On 09/09/10 20:08, Roman Yakovenko wrote:
I don't think fixing py++ is the right approach.

I'm also considering a workaround of
checking bases for all the classes and add missing "self != self" for all
those which derive from equality_comparable;
Perhaps there is the same problem with less_than_comparable and others.

I would implement the following solution:
1. Introduce new "def_visitor" (
http://www.boost.org/doc/libs/1_44_0/libs/python/doc/v2/def_visitor.html
) - so it will register all member function from the appropriate class
    In our case, equality_comparable, the visitor will register == and !=
   ( this code could be contributed later to the Boost.Python )

2. Apply that visitors on all relevant classes using py++

Does it help?
Partially ;)
I don't understand the concept with a new visitor. Creating a visitor for eg. equality_comparable doesn't solve the problem in general (and btw, equality_comparable doesn't provide member functions) I think all the needed visitors are already there (eg. boost::python::self != boost::python::self).

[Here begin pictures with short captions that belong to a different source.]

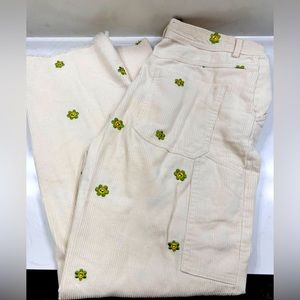 Forever 21 Cream corduroy cargo pants with happy flowers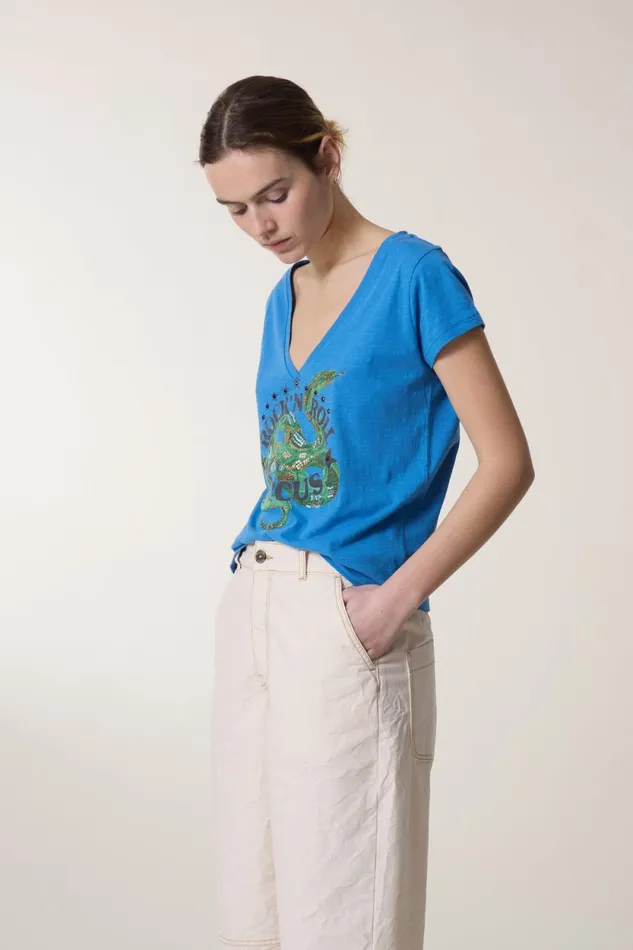 TShirts and Tops Women Leon and Harper Tonton Snaake Tshirt Sea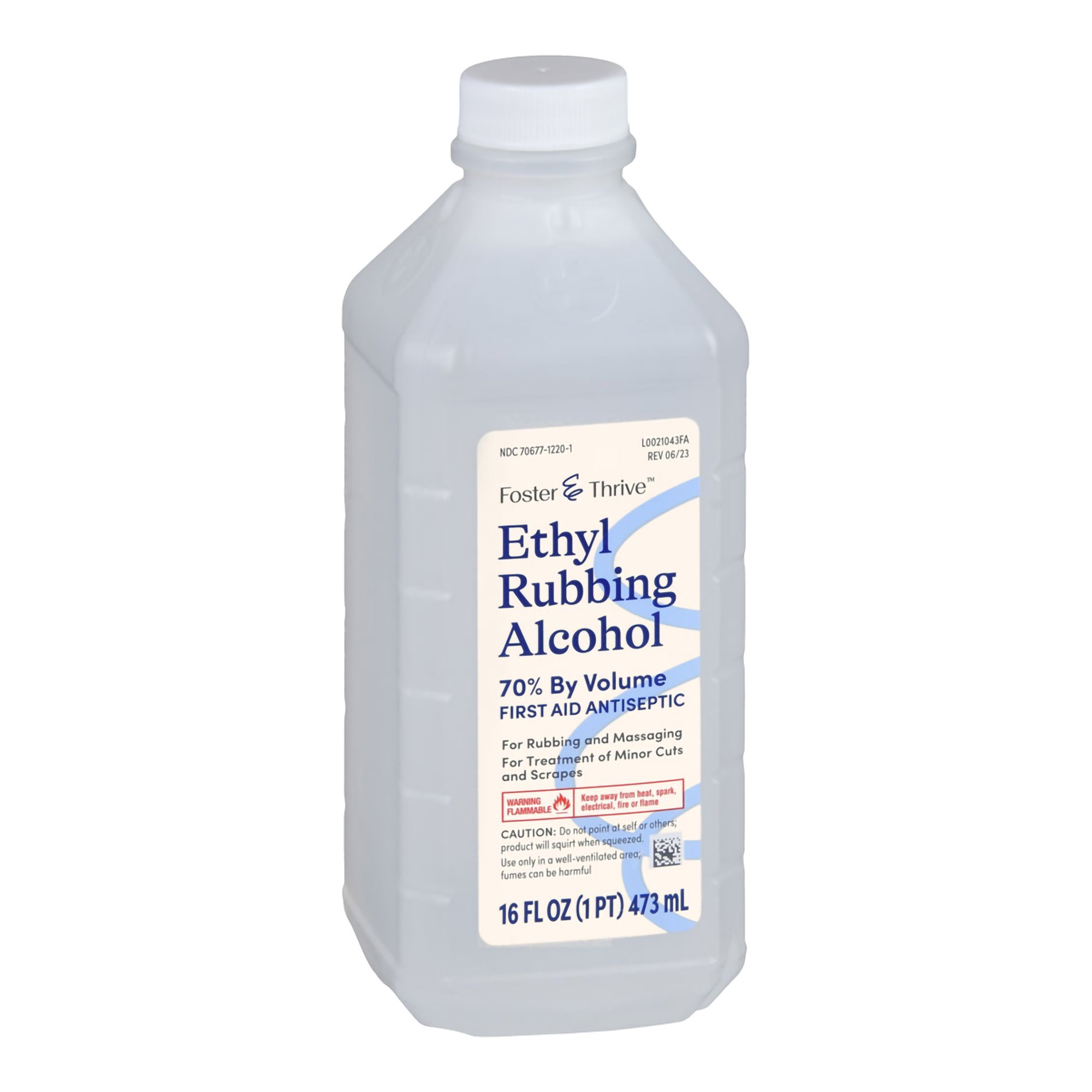 McKesson Brand 01093995988 - Foster & Thrive™ 70% Ethyl Rubbing Alcohol, 16-ounce Bottle - 1/Each, 12/Case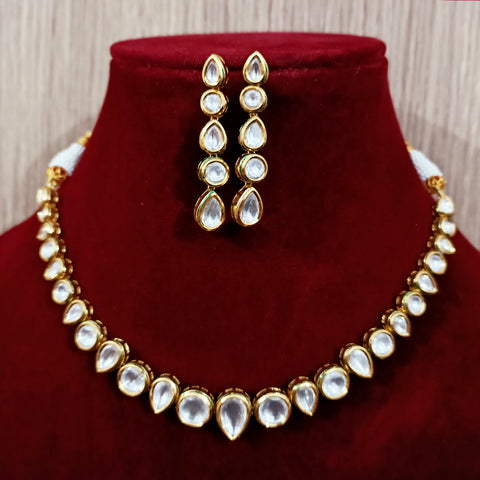 Designer Single Layer White Kundan Necklace with Earrings (D178)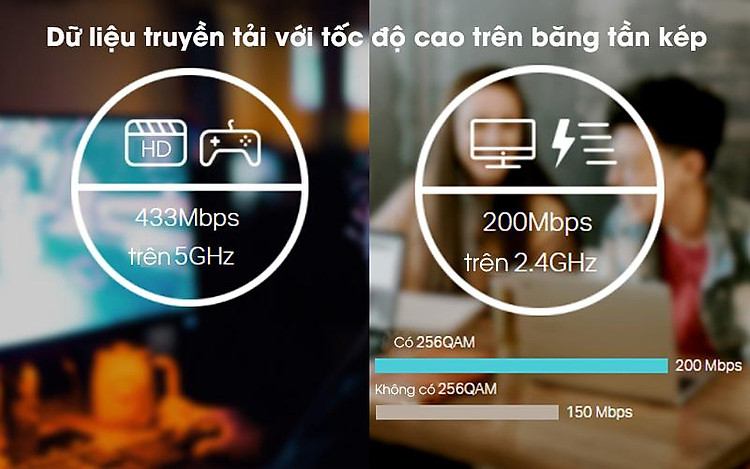 USB Wifi Chuẩn AC600 Mbps TP-Link T2U Plus Đen - Đạt tốc độ 200 Mbps ở băng tần 2.4GHz, 433 Mbps trên băng tần 5GHz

The problem is that pyplusplus doesn't use them (or - to be specific - it *sometimes* doesn't use them).

Why I consider it as a py++ bug? The problem is *sometimes* py++ adds some visitors to a class, and sometimes not. I suspect (not 100% verified) it doesn't work if an operator is declared as a non member function. I haven't found such warning in the docs, thus my surprise. If it is there, well, my fault. It escaped me. The uncertainty about operator== and operator!= is very unfortunate, because in python you have == or != by default, and in python code you don't know whether you're using pythonic comparison or the one you've defined in C++. So perhaps it is at least worth pointing out in docs (if it is not there, and didn't escape ;). I'd also add a tip that for each class_ one may (or should) define __cmp__ to raise some fancy exception in order to avoid problems as below:
b1 = BoundClass(...)
b2 = BoundClass(...)
b1 == b2 # are we using pythonic pointer comparison or C++ defined one?

If __cmp__ is defined to raise exception:
1. if operator== is defined in C++ and correct visitor is applied then python's __eq__ will be used, and comparison works as expected (that is: as in C++) 2. if operator== is not defined or no visitor has been applied (__eq__ is not defined) __cmp__ will be called and exception will happen. There will be no need to trace bugs that occurred in seemingly impossible branches.

In my case I applied point 2 as a workaround: I look for all the operators (member or not) and apply related visitors on the classes that are parameters of these operators. This is far for ideal, but works in most cases.
Having exception raising __cmp__ I'm able to spot problems immediately.